Sunday, March 1, 2009

Broome County Election Budget Impact

This unnecessary switch to op-scanners has some hidden costs taxpayers should know about. Nancy Dooling, a staff writer at in Binghamton, cited some interesting budget numbers in her article, Old lever machines may count vote again, on January 25th.

Officials are already looking at the expected cost of the [optical scan with paper audit] system. For instance, if the new system is in place, the board will have to purchase enough paper ballots to meet state guidelines. No one knows if this will be one, two or three ballots per voter, Faughnan said. The state hasn't yet made up its mind on the issue.

At 65 cents each and with up to 116,000 potential voters in Broome, the cost for paper ballots could amount to hundreds of thousands of dollars. With one countywide race this year, all of Broome's voting districts will likely need different ballots, especially with some local offices up for re-election this year.

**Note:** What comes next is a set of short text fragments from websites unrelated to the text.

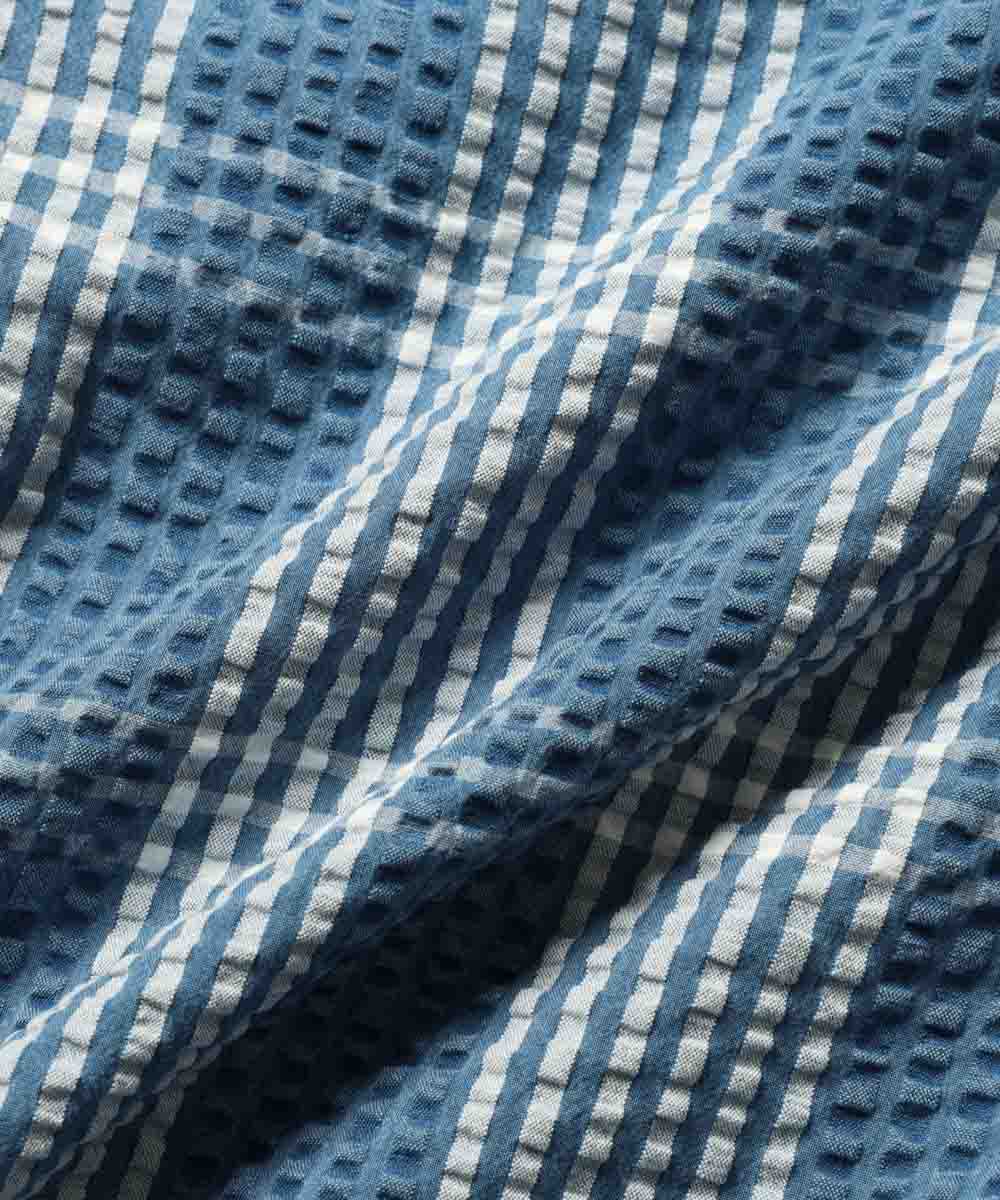 別注限定 インディゴ シアサッカー ショーツ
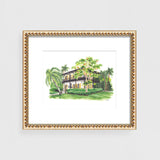 The Ernest Hemingway House & Museum Art Print Watercolor Painting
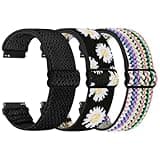 TumpCez Quick Release Watch Band - Choice of Width -18mm 19mm 20mm 22mm 24mm Watch Bands, Solo Loop Adjustable Elastic Nylon Watch Straps Replacement Wristband for Men Women
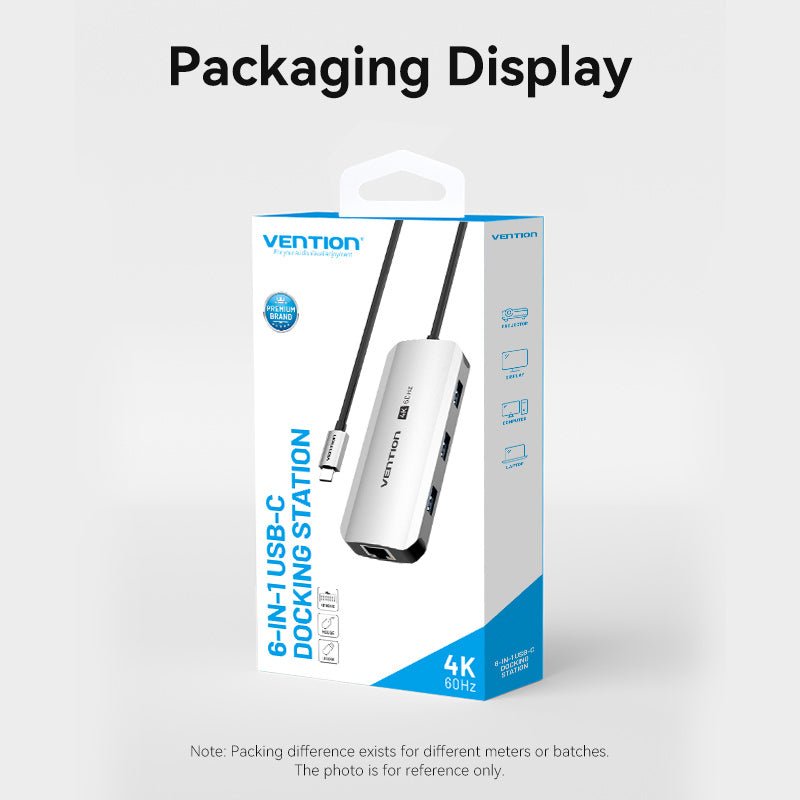 Vention 6-in-1 USB-C Docking Station - Vention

Factor in the cost of training more than 1,000 local elections inspectors and the price will continue to mount, Faughnan said. A public campaign to help Broome voters become familiar with the new system is also expected to cost money in overtime and in practice paper ballots.
The sidebar at the site includes a concise overview of the replacement issue, but neglects the issues inherent in replacing levers with a software-based system. The final comment, my emphasis, says it all:
Broome's machines have been certified for use by disabled voters, Republican election commissioner Eugene Faughnan said. They haven't been certified to state standards for all voters. Fortunately for voters, the old lever machines remain safe in storage.